What makes the documentary important is that these familiar, war-time slogans are spoken by ordinary Russians, not Kremlin hacks. A career soldier who admits he was at the Bucha massacre. An old lady on the street. A cynical fixer who knows his paycheck depends on the People’s Republic of Donbas. They say they want peace—after defeating the Ukrainians. They say Russia has the right to march on Kiev. It’s all NATOs fault for surrounding Russia.
Not everyone agrees. Langan finds a young Russo-Ukrainian journalist who blames Putin, and more strikingly, a stout combat soldier who lashes into one propagandist, bellowing that Ukrainians do not want “us” here and the war should never have happened. A 19-year old survivor of a decimated regiment is obviously traumatized as he tries to justify the loss of his friends.

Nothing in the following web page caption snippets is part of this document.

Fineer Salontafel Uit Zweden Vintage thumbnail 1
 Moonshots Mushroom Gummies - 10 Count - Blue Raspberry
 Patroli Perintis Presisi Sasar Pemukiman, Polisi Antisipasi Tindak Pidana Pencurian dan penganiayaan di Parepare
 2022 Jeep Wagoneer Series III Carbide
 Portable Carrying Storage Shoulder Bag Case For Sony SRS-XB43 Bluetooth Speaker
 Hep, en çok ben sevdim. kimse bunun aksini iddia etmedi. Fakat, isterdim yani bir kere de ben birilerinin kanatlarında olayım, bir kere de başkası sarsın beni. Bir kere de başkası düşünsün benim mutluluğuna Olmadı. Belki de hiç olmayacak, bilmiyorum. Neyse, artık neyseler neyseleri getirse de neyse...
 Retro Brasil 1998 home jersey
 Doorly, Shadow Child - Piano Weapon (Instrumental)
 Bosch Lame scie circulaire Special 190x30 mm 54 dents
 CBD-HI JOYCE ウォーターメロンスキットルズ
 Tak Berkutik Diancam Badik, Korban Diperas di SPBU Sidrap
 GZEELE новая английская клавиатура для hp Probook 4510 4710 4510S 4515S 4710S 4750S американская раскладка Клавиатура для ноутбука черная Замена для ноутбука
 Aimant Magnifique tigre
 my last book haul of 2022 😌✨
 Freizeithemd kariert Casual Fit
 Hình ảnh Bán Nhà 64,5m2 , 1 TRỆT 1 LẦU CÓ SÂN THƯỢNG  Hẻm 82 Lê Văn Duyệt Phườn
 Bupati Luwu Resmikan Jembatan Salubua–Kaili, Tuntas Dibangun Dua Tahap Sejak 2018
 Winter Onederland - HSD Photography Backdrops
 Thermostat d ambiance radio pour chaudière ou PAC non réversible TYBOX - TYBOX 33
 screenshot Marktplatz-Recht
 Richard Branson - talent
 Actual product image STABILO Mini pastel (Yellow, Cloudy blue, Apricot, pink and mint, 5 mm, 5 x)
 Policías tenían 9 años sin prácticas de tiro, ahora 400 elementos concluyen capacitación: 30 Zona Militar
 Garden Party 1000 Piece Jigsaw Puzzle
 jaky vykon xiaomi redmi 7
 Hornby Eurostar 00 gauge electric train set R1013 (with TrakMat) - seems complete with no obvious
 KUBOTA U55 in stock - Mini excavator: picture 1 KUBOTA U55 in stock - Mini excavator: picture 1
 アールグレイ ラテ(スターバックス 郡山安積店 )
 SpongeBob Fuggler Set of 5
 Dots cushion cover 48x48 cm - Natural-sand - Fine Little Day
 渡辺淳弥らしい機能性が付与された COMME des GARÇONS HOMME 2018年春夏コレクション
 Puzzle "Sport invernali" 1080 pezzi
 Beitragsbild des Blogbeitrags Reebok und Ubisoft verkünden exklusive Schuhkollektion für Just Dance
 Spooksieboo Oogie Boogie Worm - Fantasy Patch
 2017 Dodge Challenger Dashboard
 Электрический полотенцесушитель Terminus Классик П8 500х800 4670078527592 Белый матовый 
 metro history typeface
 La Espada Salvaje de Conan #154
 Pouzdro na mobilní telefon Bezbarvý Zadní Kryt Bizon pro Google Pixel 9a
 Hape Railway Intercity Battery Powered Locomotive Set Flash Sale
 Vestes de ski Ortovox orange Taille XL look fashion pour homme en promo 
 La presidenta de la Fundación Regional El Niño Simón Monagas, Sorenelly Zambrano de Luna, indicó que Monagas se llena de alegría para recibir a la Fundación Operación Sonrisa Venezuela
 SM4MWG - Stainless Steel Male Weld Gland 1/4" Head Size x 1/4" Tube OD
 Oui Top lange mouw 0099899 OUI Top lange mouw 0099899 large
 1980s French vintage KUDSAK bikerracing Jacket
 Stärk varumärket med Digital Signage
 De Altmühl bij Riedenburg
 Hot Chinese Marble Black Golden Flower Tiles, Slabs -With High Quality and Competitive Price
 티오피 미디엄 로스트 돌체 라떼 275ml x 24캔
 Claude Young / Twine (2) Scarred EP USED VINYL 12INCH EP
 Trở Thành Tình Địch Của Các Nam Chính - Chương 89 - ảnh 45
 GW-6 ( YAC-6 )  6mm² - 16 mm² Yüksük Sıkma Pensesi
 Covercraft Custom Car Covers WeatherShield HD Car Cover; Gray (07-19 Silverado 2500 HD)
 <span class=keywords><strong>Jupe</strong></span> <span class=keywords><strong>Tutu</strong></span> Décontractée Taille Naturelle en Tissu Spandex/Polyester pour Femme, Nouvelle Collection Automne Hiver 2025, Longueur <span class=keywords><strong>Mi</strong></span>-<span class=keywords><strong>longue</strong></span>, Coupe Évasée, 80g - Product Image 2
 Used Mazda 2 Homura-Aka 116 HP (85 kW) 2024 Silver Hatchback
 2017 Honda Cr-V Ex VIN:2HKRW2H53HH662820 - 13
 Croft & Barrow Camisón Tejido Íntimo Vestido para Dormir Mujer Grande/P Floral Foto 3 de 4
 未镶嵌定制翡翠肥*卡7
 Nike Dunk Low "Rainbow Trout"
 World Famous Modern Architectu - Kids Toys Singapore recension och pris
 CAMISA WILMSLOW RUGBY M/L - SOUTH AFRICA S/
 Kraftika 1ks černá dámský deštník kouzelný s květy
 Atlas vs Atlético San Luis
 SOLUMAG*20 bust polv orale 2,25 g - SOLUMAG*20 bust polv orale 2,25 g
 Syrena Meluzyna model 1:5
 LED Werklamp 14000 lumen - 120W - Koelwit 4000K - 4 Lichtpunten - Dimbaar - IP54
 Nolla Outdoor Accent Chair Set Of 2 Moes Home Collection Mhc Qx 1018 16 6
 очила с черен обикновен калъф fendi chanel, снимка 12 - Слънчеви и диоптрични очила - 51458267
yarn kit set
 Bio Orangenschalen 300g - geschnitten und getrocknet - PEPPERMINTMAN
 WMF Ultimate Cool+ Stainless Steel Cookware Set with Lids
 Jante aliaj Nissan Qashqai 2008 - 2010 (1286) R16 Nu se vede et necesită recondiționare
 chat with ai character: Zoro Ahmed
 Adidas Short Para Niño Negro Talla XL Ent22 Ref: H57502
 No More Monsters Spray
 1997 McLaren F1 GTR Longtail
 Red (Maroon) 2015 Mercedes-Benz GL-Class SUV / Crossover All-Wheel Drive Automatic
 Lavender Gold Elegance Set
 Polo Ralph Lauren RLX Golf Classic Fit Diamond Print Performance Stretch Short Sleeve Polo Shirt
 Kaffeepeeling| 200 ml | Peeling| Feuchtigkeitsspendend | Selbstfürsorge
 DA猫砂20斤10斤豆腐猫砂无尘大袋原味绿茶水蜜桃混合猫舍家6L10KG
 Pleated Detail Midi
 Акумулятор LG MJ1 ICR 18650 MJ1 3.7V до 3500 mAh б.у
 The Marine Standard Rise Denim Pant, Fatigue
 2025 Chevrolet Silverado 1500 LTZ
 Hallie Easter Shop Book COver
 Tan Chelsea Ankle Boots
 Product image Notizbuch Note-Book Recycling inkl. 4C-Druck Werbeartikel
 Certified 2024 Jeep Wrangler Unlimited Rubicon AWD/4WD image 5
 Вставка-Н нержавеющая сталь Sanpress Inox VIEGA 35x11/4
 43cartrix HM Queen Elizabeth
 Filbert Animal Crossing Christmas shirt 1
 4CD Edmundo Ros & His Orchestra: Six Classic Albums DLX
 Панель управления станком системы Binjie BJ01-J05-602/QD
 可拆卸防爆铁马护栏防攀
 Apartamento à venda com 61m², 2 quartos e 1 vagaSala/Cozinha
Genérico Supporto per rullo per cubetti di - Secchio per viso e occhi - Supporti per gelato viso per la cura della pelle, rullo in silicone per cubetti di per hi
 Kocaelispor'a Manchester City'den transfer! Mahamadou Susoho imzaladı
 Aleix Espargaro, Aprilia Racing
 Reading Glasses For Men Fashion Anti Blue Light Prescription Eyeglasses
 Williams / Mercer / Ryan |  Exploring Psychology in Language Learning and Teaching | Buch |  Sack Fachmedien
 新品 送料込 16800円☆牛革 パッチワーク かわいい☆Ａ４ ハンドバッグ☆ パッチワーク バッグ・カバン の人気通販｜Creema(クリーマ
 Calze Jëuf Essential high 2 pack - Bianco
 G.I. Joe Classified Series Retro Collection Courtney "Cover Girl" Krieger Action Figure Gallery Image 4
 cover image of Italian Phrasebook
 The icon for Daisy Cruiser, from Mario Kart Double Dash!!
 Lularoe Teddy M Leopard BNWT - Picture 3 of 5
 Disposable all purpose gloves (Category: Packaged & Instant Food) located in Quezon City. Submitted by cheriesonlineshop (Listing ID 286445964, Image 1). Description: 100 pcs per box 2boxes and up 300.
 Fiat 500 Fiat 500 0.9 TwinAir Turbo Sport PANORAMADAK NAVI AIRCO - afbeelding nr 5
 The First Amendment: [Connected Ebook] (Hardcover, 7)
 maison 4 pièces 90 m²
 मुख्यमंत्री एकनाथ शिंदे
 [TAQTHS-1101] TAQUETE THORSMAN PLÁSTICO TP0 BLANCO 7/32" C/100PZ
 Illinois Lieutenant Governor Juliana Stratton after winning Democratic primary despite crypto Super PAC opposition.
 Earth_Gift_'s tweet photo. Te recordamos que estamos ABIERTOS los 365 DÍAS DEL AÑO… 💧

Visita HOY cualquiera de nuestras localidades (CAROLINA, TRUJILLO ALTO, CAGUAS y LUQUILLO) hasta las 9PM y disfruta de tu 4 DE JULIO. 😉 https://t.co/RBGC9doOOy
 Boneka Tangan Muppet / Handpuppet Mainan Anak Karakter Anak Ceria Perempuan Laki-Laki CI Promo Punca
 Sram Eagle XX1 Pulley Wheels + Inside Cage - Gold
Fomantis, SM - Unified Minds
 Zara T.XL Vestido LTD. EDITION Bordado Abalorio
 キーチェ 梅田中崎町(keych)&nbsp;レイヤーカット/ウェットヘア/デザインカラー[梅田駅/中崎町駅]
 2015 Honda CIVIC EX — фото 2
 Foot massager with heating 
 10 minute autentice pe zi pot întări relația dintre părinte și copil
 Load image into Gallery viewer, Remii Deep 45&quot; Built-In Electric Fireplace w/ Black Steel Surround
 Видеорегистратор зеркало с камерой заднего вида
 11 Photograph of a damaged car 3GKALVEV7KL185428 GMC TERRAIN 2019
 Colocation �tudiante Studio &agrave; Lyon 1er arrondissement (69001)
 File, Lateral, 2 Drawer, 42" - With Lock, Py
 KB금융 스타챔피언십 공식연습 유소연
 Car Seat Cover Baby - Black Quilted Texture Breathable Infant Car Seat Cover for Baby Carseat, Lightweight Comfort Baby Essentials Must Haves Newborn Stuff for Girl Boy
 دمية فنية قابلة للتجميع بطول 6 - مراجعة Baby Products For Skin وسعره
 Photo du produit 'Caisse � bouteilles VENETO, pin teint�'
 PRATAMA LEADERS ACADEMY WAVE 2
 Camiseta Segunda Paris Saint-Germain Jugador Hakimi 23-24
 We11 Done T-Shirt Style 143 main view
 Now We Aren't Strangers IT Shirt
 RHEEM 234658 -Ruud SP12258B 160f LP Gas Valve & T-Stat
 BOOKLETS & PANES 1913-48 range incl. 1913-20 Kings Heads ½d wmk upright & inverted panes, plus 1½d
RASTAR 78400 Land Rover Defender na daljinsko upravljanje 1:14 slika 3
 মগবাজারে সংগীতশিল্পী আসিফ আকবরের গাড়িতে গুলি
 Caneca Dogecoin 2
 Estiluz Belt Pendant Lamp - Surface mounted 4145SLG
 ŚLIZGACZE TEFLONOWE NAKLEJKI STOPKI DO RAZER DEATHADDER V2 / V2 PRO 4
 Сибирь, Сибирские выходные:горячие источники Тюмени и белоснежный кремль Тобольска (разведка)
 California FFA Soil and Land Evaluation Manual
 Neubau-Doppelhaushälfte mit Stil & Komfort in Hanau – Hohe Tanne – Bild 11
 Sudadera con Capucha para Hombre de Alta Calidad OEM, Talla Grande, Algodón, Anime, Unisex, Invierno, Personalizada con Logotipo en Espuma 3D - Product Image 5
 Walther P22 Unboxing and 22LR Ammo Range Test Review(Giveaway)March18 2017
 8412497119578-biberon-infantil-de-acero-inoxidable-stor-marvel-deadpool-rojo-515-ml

Langan holds his own commentary until the end, honestly acknowledging his fear of asking tougher questions while in the company of armed, nearly lawless militiamen and soldiers. These are the same men who must provide him with frontline access and protect him in the process. (Yikes! Landmines!) For better or worse, he waits until the end to say what he really thinks: that the immoral invasion is Putin’s fault and Russia’s shame. But his brave camerawork here proves that Russia’s appetite for war is far from exhausted.
BTW, I sat for an interview with Langan once, 20 years ago, when he was working on something about the chaos of Argentina. I remember the fun conversation in a Buenos Aires hotel, but I got cut from the final documentary. I forgive him.